To be clear, an aging population is something to celebrate. Longer lives reflect real progress. The problem is not that older Nova Scotians need more care. It is that governments failed to prepare so the costs would be shared fairly across generations, as Ottawa did when it strengthened the CPP.
That failure now shapes the choices made for everyone else.
When hundreds of millions in new spending are absorbed by medical care for an aging population, less remains for the foundations of wellbeing: education, housing, child development, and opportunity for younger workers.
That is why this budget fits a pattern now visible across Canada. It is anti-child, anti-parent and anti-young worker.
The public outcry that followed this budget focused on specific cuts — and succeeded in reversing some of them. But it has not confronted the deeper problem: a widening gap between what governments spend on aging populations and what they invest in younger generations. That gap reflects systemic ageism against younger residents, built into the foundation of the province’s fiscal plan.
Until that changes, Nova Scotia — like every province — faces the same unresolved question: how do we pay for the medical care we always knew baby boomers would need, while protecting adequate investment in younger people and the province’s credit rating?

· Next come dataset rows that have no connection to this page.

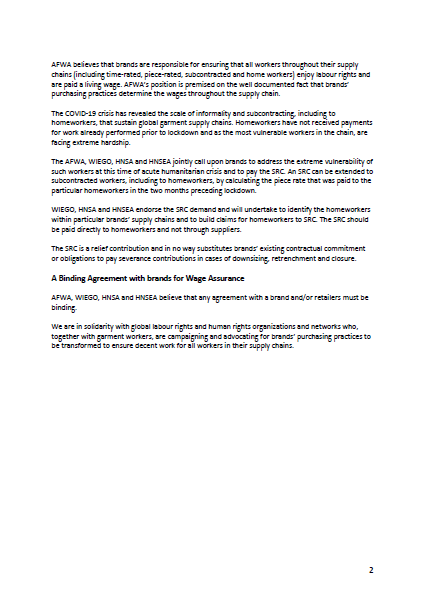 WIEGOGLOBAL's tweet photo. ALL #garmentworkers - including time-rated, piece-rated, subcontracted & homeworkers - need relief during the COVID-19 crisis.
We join @asia_floorwage @hnsa_2016 & HomeNet South-East Asia in calling on brands to make a Supply Chain Relief Contribution.
FULL STATEMENT below: https://t.co/Oe847ovxuG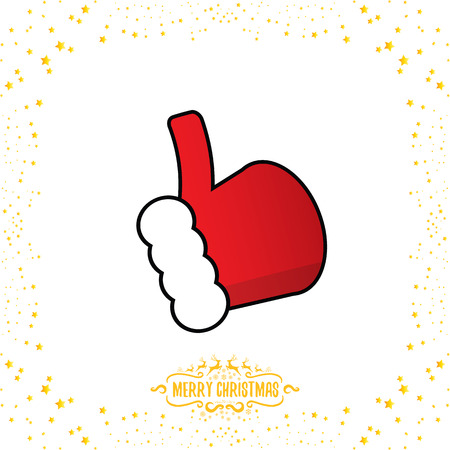 Vector funky cartoon Santa Claus thumbs up iconのイラスト素材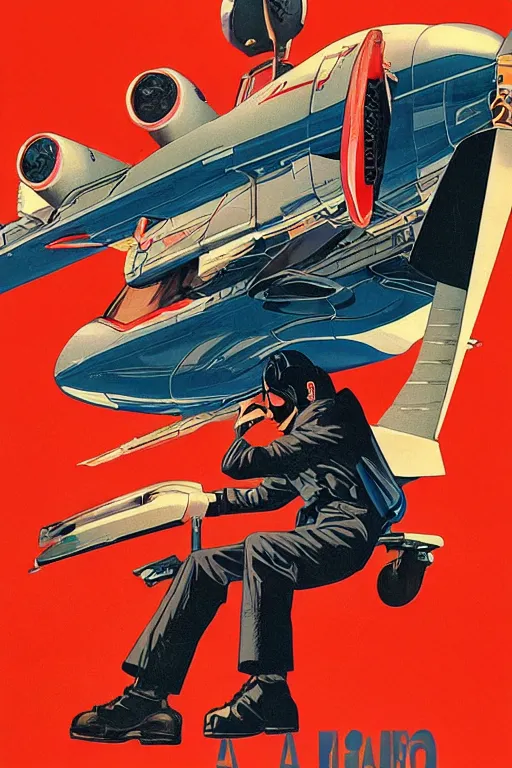 Prompt: a poster of a man riding a plane in the air, poster art by otomo katsuhiro, pixiv, retrofuturism, official art, reimagined by industrial light and magic, poster art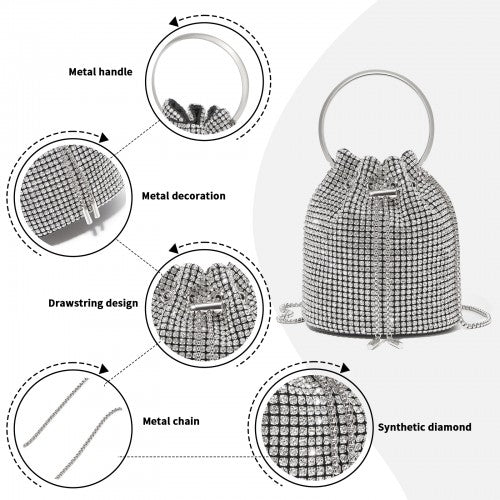 Women's Rhinestone Evening Bag – Sparkly Handbag with Metal Ring Handle and Chain Crossbody Strap - Silver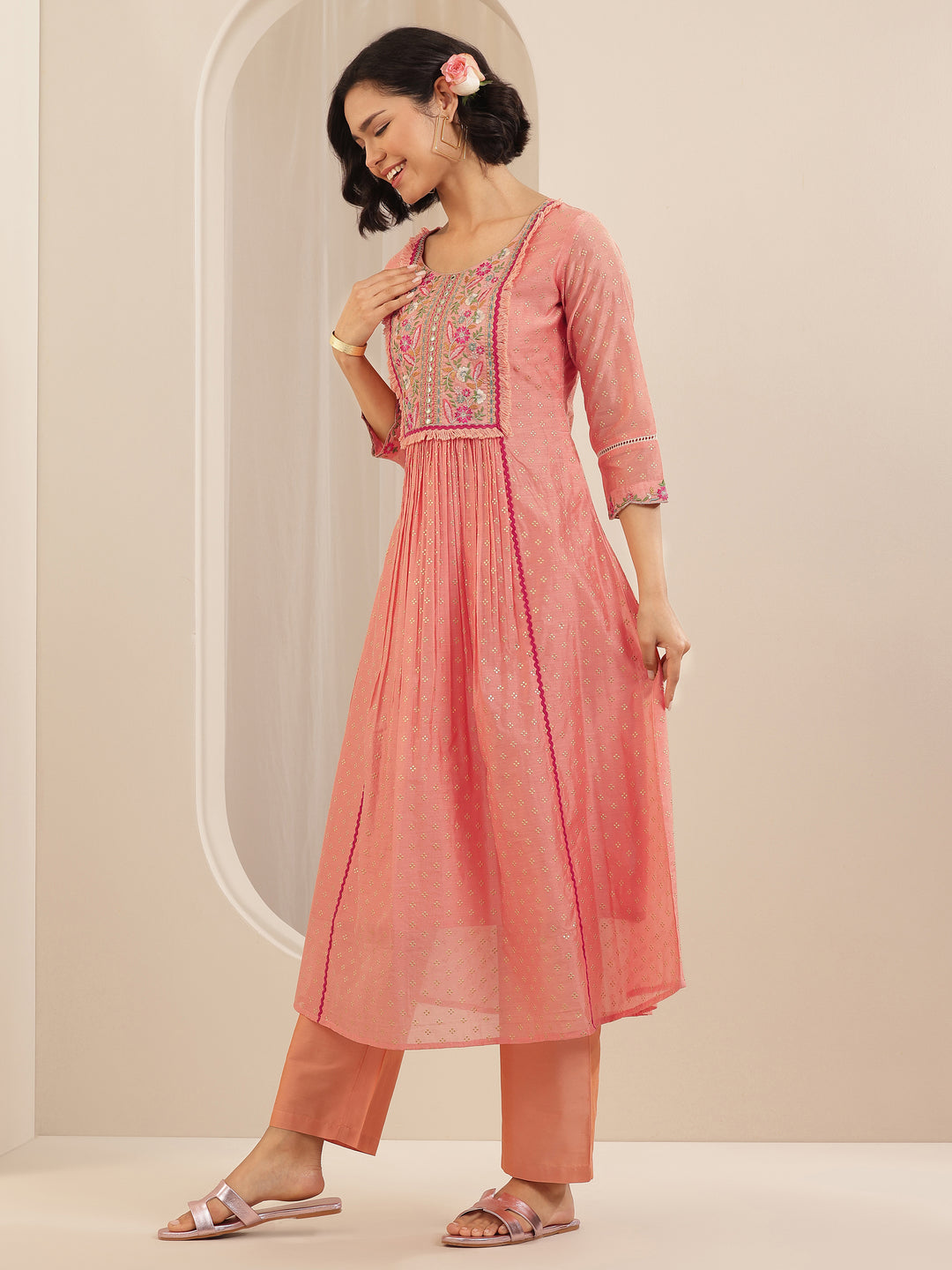 Peach Embroidered Chanderi Silk A-line Suit Sets With Dupatta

That question cannot be answered by pointing to trade wars or short-term economic pressures.
A practical next step would be to establish a Better Late Than Never Task Force to examine how Nova Scotia can modernize its revenue system in response to population aging. Bringing together fiscal experts, health leaders and the public, such a process could finally confront the issue that has been deferred for too long: how do we pay — better late than never — for the costs of caring for boomers that we always knew were coming.